-- DATA TO USE follows --

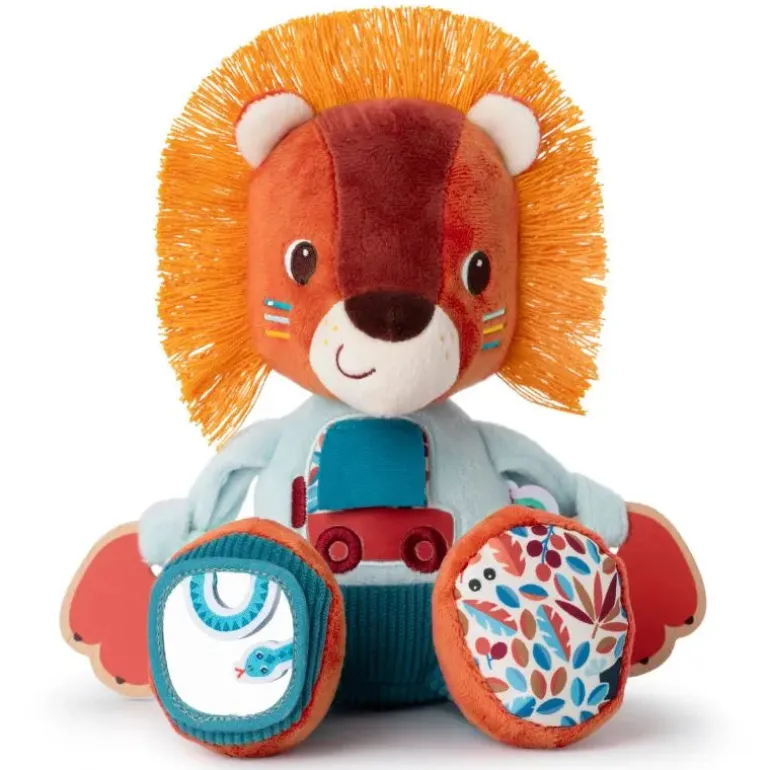 Lilliputiens I'm Discovering Jack Multi-Activity Lion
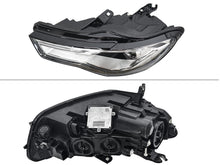 Links Fahrerseite Xenon Scheinwerfer + Leuchtmittel für Audi A6 4G C7 2015-2018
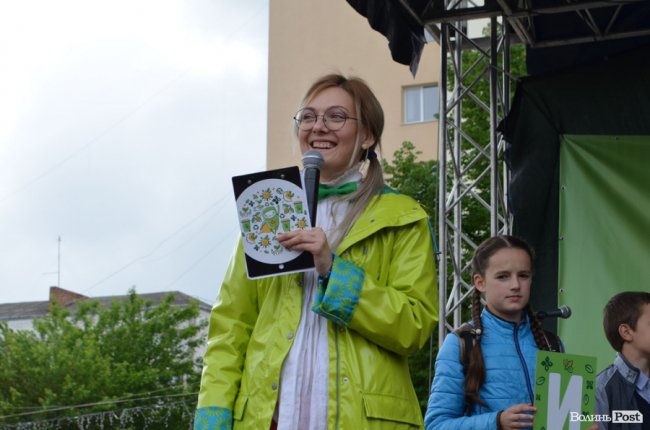 У центрі Луцька – екологічний фестиваль. ФОТО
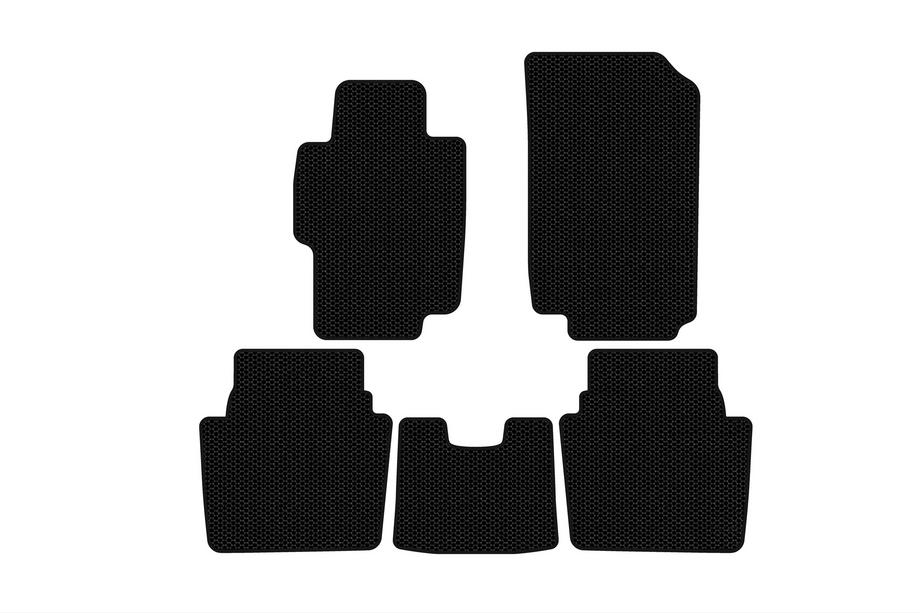 Honda Accord VII 2002-2007 Gummimatten Carsuit (SD, schwarz) Image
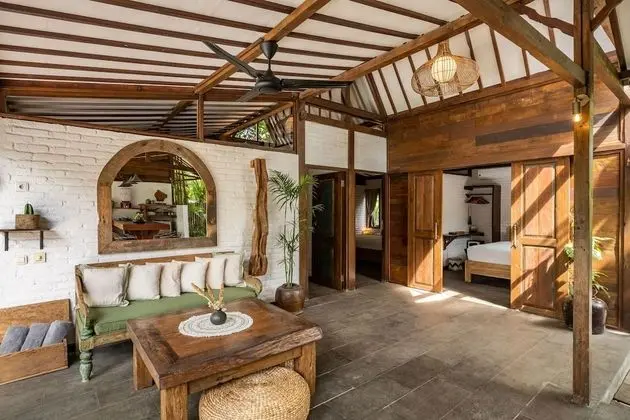Deluxe Villa, 3 Yatak Odası (Villa Bayu)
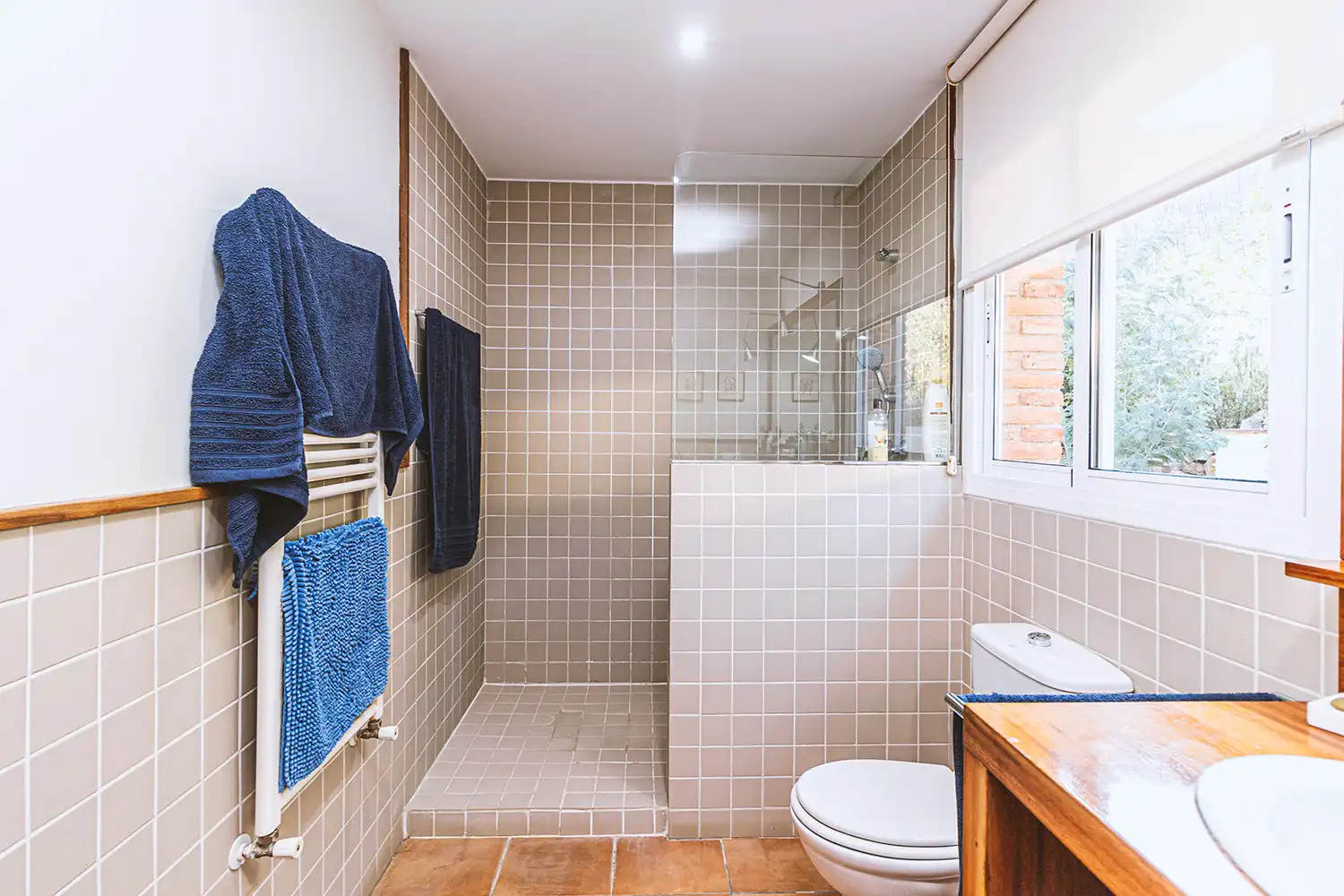 Bathroom of Houses for sale in Sant Pol de Mar  with Heating, Private garden and Terrace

-- DATA TO USE concluded --

EXERCISE REQUIREMENTS
Could you reproduce the records above exactly, leaving out the pictures?

EXERCISE ANSWER
 Lilliputiens I'm Discovering Jack Multi-Activity Lion
 Links Fahrerseite Xenon Scheinwerfer + Leuchtmittel für Audi A6 4G C7 2015-2018
 У центрі Луцька – екологічний фестиваль. ФОТО
 Honda Accord VII 2002-2007 Gummimatten Carsuit (SD, schwarz) Image
Deluxe Villa, 3 Yatak Odası (Villa Bayu)
 Bathroom of Houses for sale in Sant Pol de Mar  with Heating, Private garden and Terrace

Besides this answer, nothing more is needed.